Records from a data collection:
______

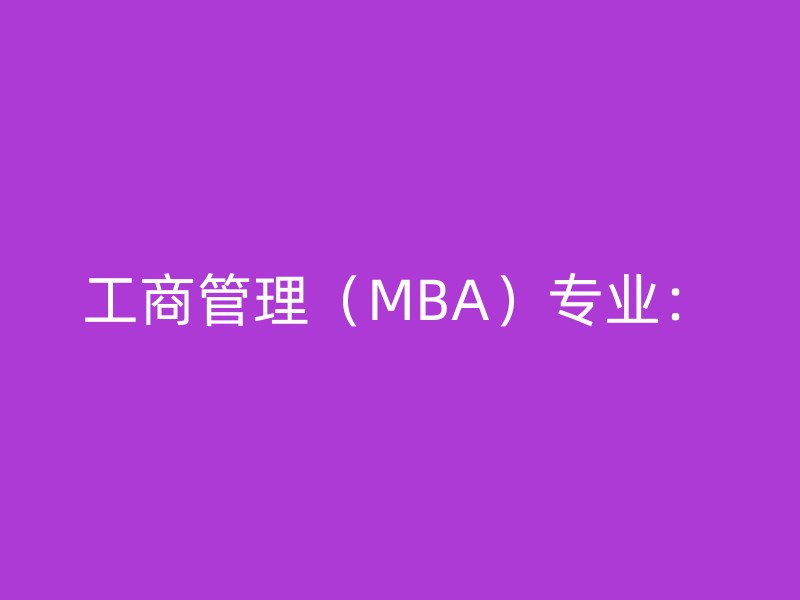 工商管理（MBA）专业：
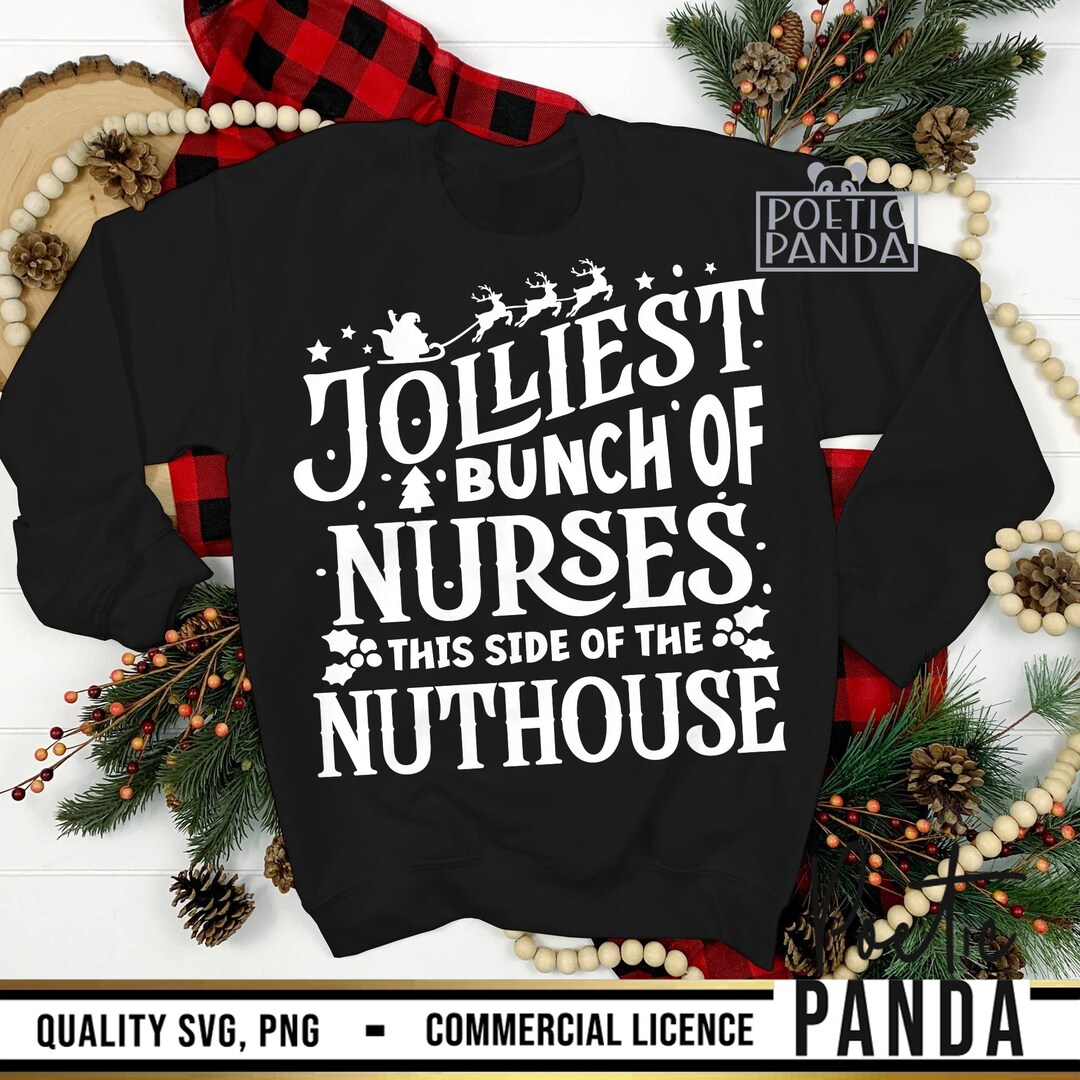 Jolliest Bunch of Nurses This Side of the Nuthouse SVG PNG, Nurses ...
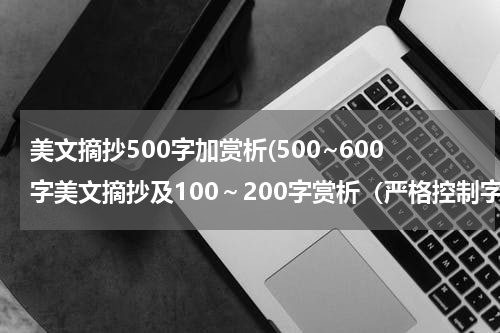美文摘抄500字加赏析(500~600字美文摘抄及100～200字赏析（严格控制字数！！！）)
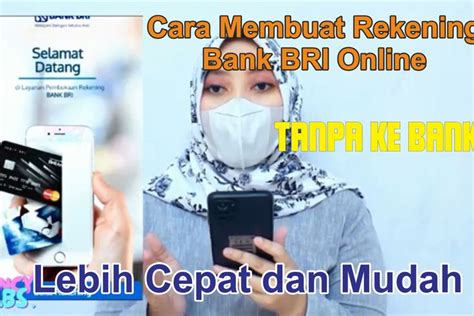 Cara Membuka Rekening Bri Secara Online Tanpa Ke Bank Tanpa Antri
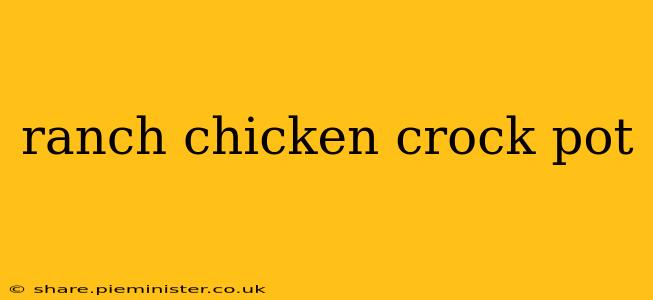 ranch chicken crock pot
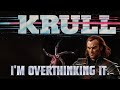 Overthinking krull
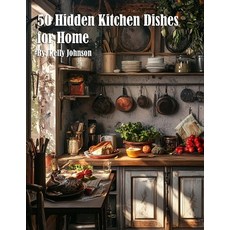 (英文圖書) 50 Hidden Kitchen Dishes for Home 平裝版, Marick Booster, 英文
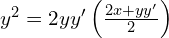 Rendered by QuickLaTeX.com   y^{2}=2yy'\left( \frac{2x+yy'}{2} \right)     \\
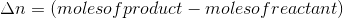 An = (molesof product – molesofreactant)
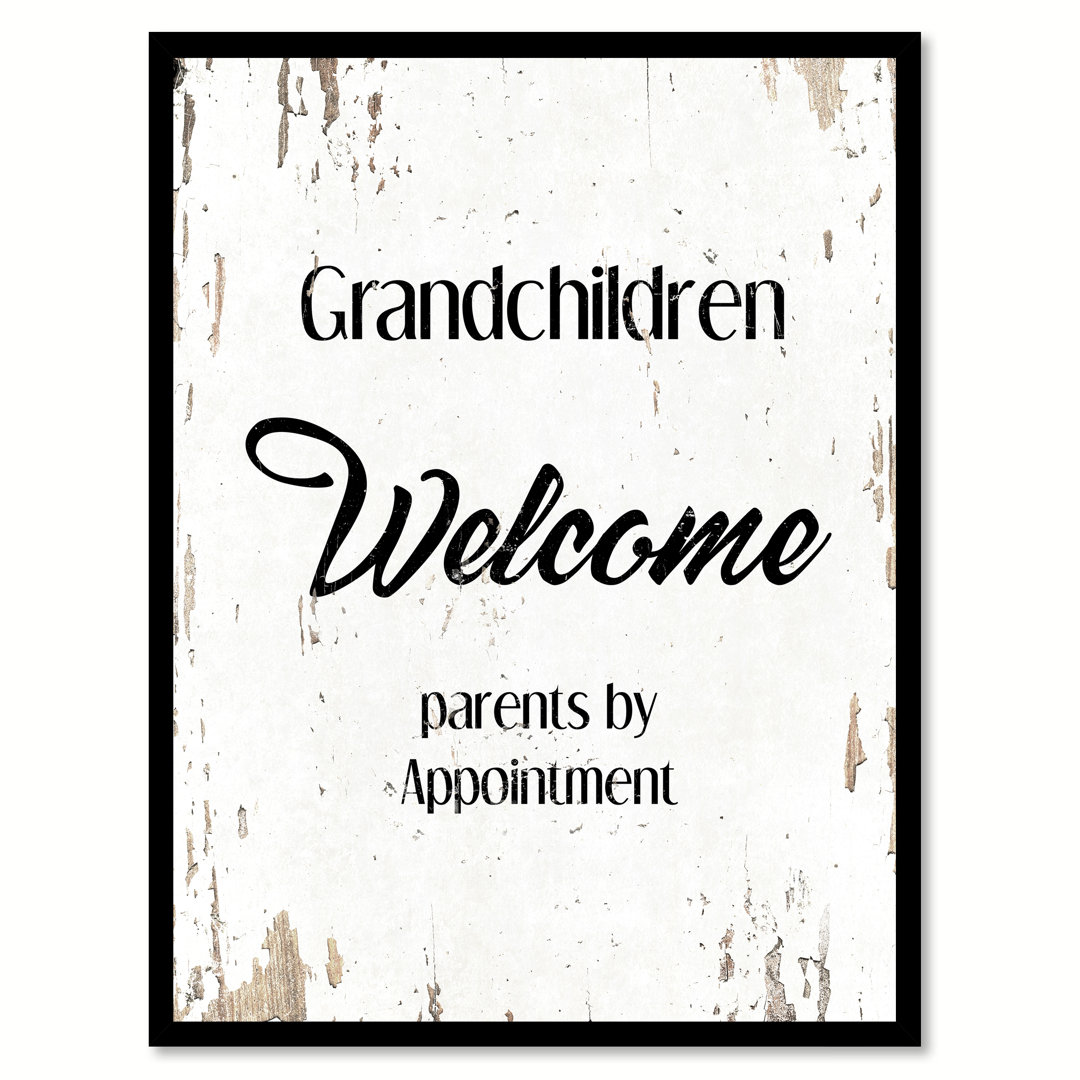 " Grandchildren Welcome Parents By Appointment " Winston Porter 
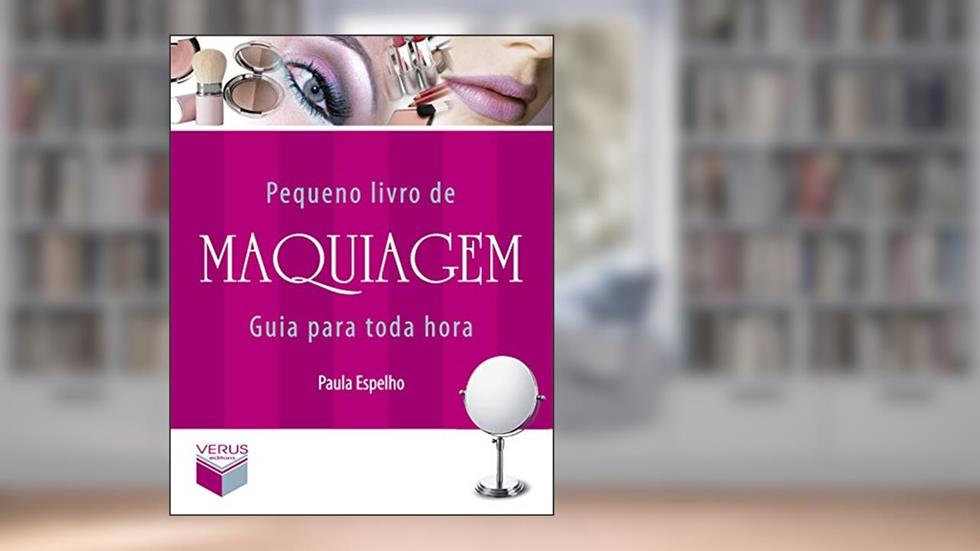Pequeno livro de maquiagem: Guia para toda hora, do autor Paula Espelho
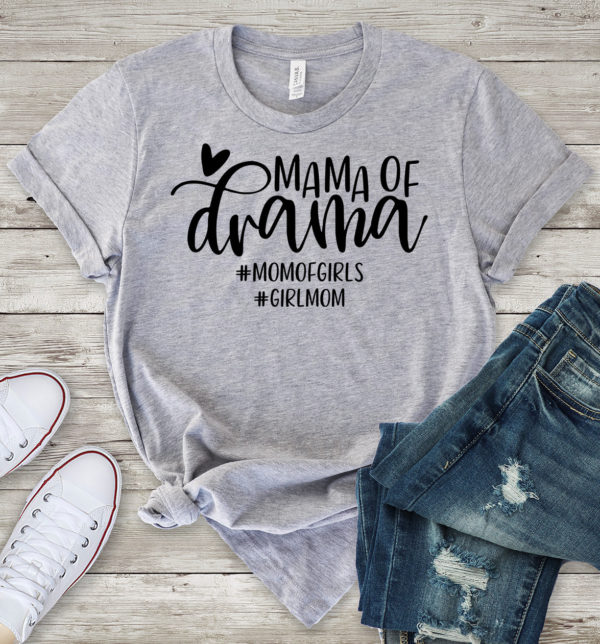 mama of drama - mom of girls t-shirt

______

*Task prompt*.
When you transcribe these entries, keep every word exact and drop the pictures.

*Task output*.
 工商管理（MBA）专业：
 Jolliest Bunch of Nurses This Side of the Nuthouse SVG PNG, Nurses ...
美文摘抄500字加赏析(500~600字美文摘抄及100～200字赏析（严格控制字数！！！）)
 Cara Membuka Rekening Bri Secara Online Tanpa Ke Bank Tanpa Antri
 ranch chicken crock pot
 Overthinking krull
 (英文圖書) 50 Hidden Kitchen Dishes for Home 平裝版, Marick Booster, 英文
 Rendered by QuickLaTeX.com   y^{2}=2yy'\left( \frac{2x+yy'}{2} \right)     \\
 An = (molesof product – molesofreactant)
 " Grandchildren Welcome Parents By Appointment " Winston Porter 
Pequeno livro de maquiagem: Guia para toda hora, do autor Paula Espelho
 mama of drama - mom of girls t-shirt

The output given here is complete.